Molecular Genetics & Genomic Medicine, published by WILEY, is an esteemed and open-access journal that has been a prominent source of knowledge in the fields of genetics and molecular biology since its establishment in 2013. With an ISSN of 2324-9269, it aims to provide a platform for the dissemination of novel findings and innovative research that pushes the boundaries of genomics and its clinical applications. The journal holds a Q3 categorization in Genetics, Clinical Genetics, and Molecular Biology, reflecting its growing influence in these disciplines, as evidenced by its Scopus rankings. Researchers, professionals, and students alike will find valuable insights and advancements in genomic medicine, making this journal an essential resource for those dedicated to the understanding and application of genetic and molecular research in healthcare. Located at 111 River St, Hoboken, NJ, Molecular Genetics & Genomic Medicine continues to foster a global dialogue within the scientific community, ensuring accessible knowledge for all.
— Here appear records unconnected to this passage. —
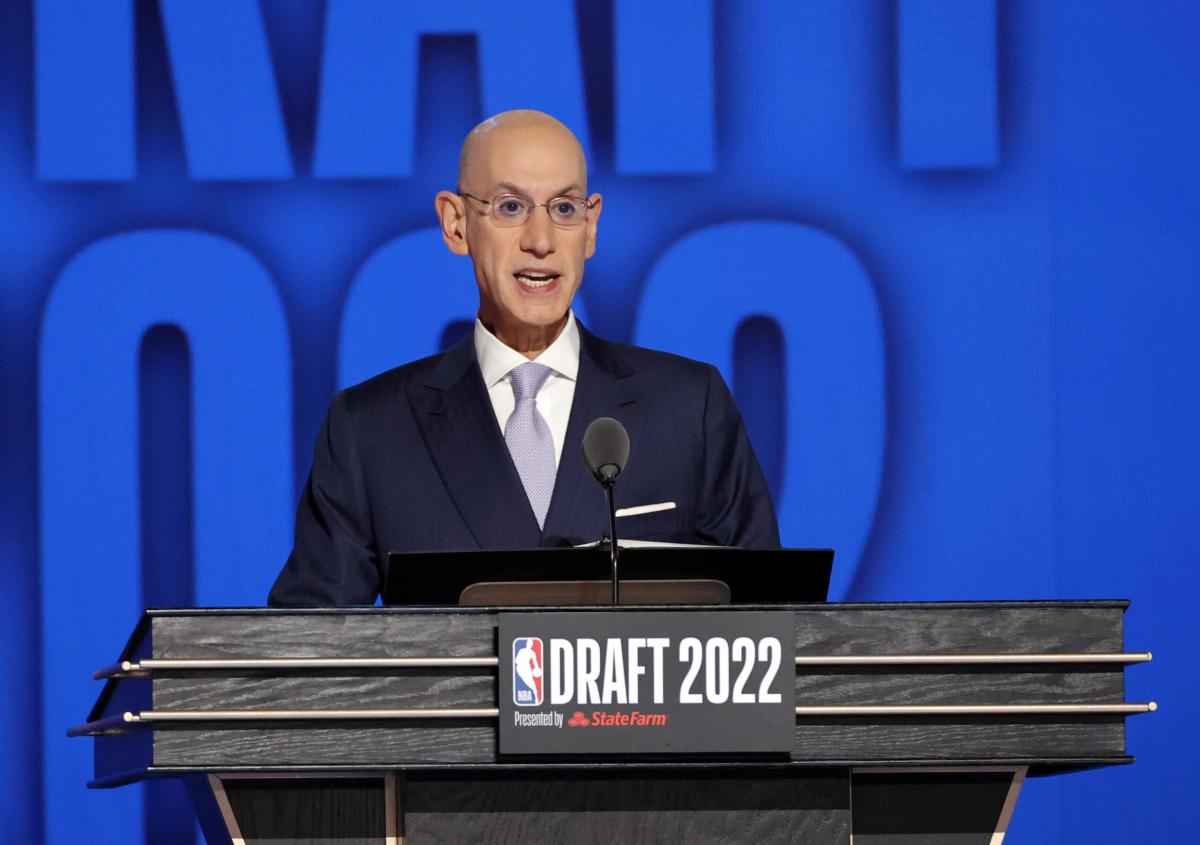 TikToker entra ai Draft NBA 2023 senza aver mai giocato a basket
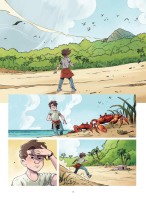 Extrait 2 de l'album L'île de minuit - 1. Le réveil de l'automate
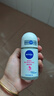 妮维雅（NIVEA）走珠液腋下香体滚珠抑止汗露夏季异味狐臭腋清香 女士精华爽身走珠50ml 实拍图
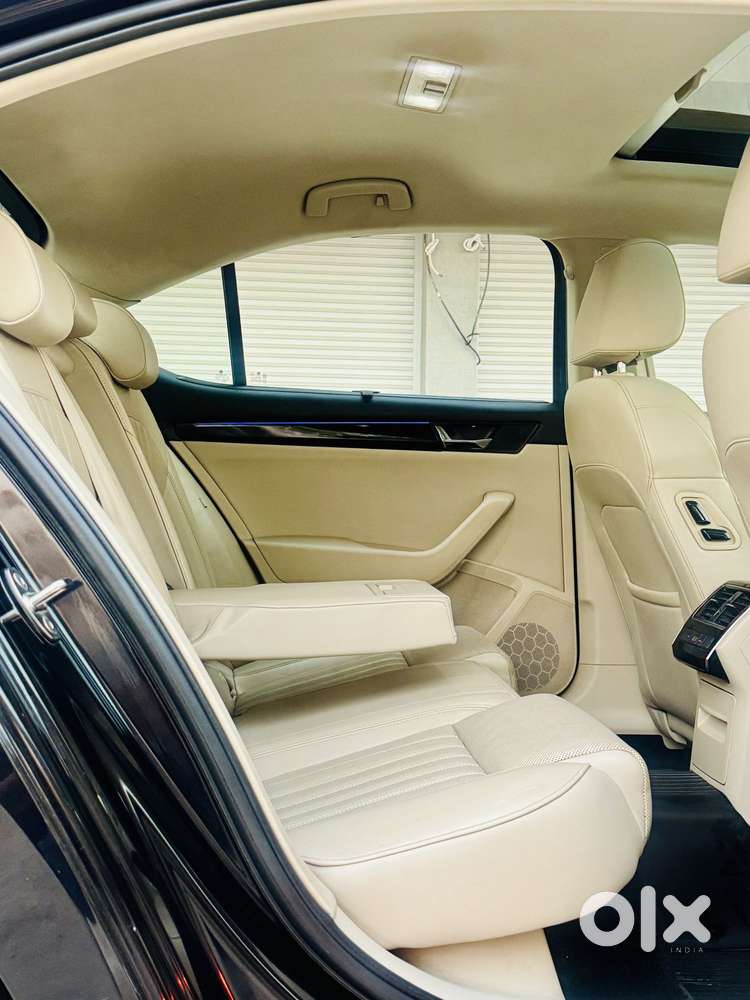 Skoda Superb L&k 2.0 Tdi At, 2018, Diesel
npj Genomic Medicine is a leading open-access journal published by NATURE PORTFOLIO, specializing in the rapidly evolving areas of genomic medicine, including genetics, molecular biology, and clinical applications. Launched in 2016, the journal has quickly established itself within the academic community, boasting a prestigious Q1 ranking in multiple categories, including Genetics and Molecular Biology, with remarkable positions in both Scopus ranks and percentiles. With an emphasis on innovative genomic research that bridges the gap between laboratory findings and clinical implementation, npj Genomic Medicine aims to provide a platform for researchers, professionals, and students to share significant advancements and insights. Being an open-access journal enhances accessibility to cutting-edge research, ensuring that vital discoveries in genomics can benefit a global audience and facilitate interdisciplinary collaboration. The journal continues to contribute to the forefront of genomic research, impacting both academic scholarship and practical healthcare solutions.